Samsung is constructing a semiconductor testing facility north of Hanoi, Veitnam. The investment is $1.5 billion. Operations begin November 2027. Over 200 engineers are already on-site building it now.
The announcement came the same day Samsung workers approved their pay deal, ending the strike threat that had hung over the AI chip supply chain for two weeks. Good timing.
The broader signal is geographic. Vietnam is becoming a critical node in AI chip backend operations. Intel, Amkor, and Hana Micron are already there. Samsung is adding testing capacity to the same cluster.
What's Shifting
First Samsung chip testing factory ever built in Vietnam
Samsung may invest $2.5 billion more in a potential second factory
Strike risk cleared the same day the plant was disclosed
Intel, Amkor, and Hana Micron already operating in Vietnam
The AI supply chain is adding capacity outside the geographies that carry the current risk.
The Geography
Vietnam is not Taiwan.

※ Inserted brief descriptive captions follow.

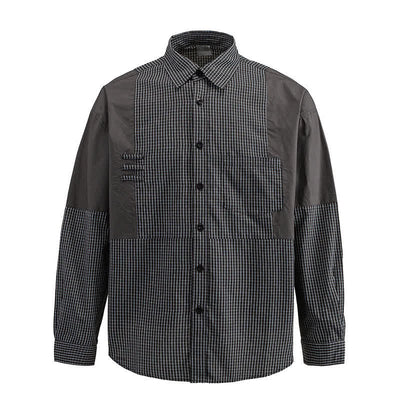 Buddha Stones Spring Fall Vintage Button-Up Plaid Men's Long Sleeve Shirts With Pocket - image 9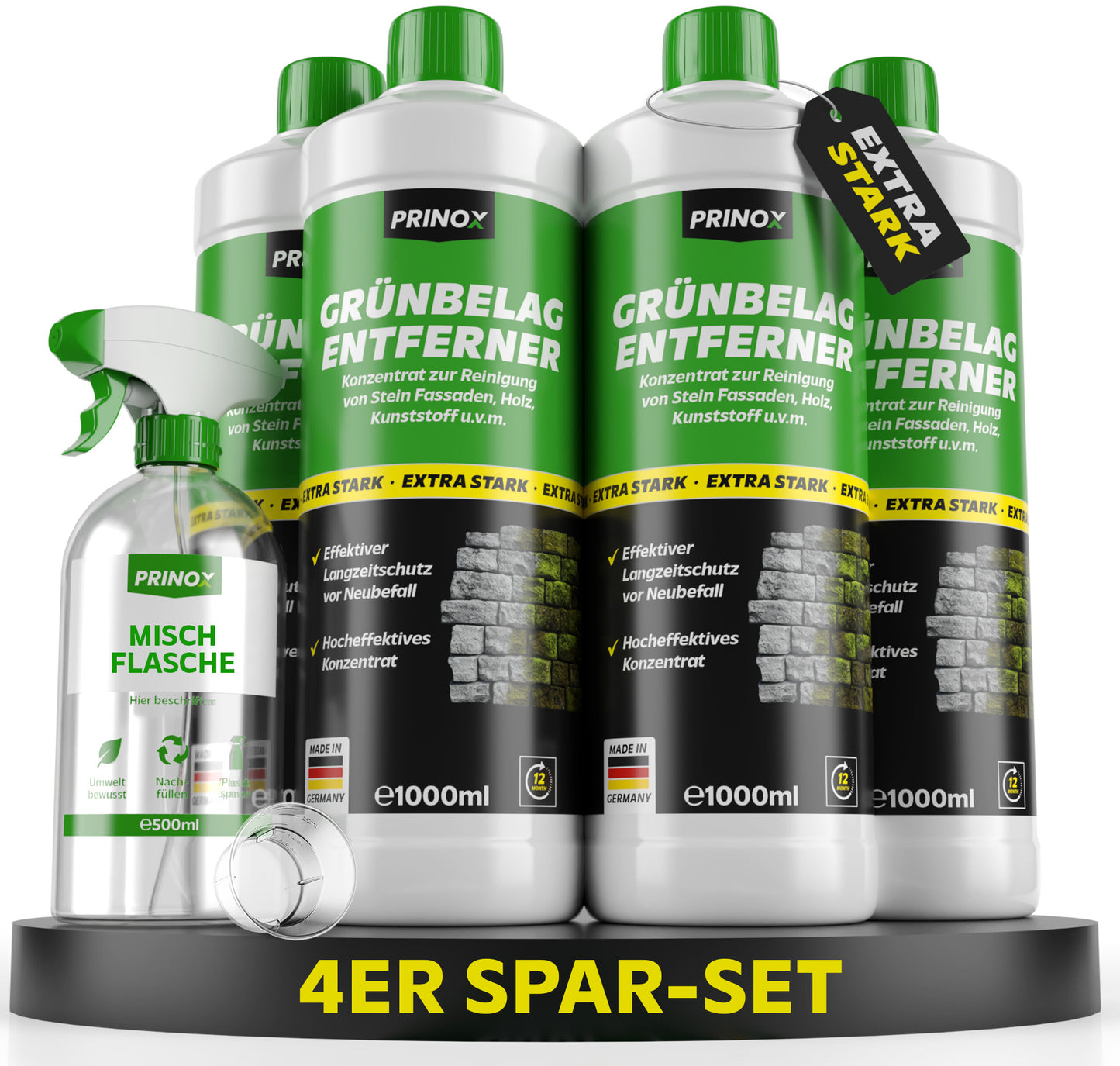 4x Grünbelagentferner 1L + 1x Mischflasche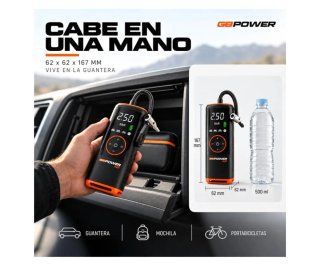 Inflador ruedas coche bateria con linterna LED.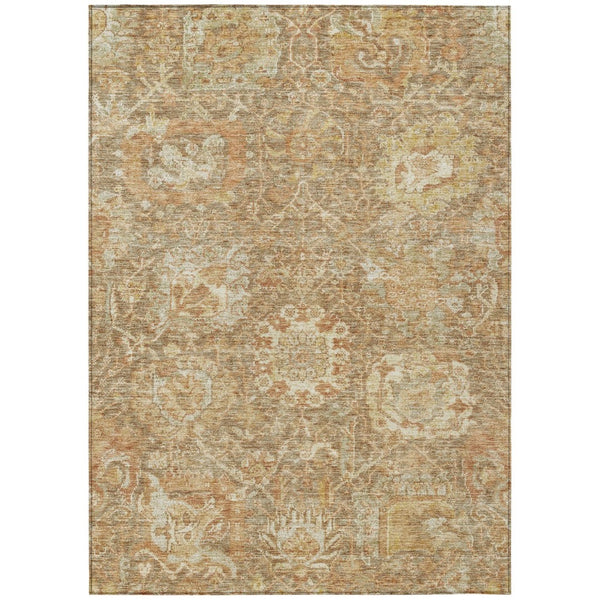 HomeRoots 5' Khaki and Brown Damask Area Rug - Washable, Durable Design for Indoor and Outdoor Elegance 8' X 10' 603740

It is not South Korea. It is the diversification move the chip sector has needed for years and is only now acting on at scale.
CLOSING LENS
Piper Sandler says oil hits new highs. Nvidia deepens its Taiwan bet every quarter. Three memory giants crossed $1 trillion in three weeks. Samsung is building chip capacity before the current cycle peaks.
The AI build is running hard. The question is what it runs into first.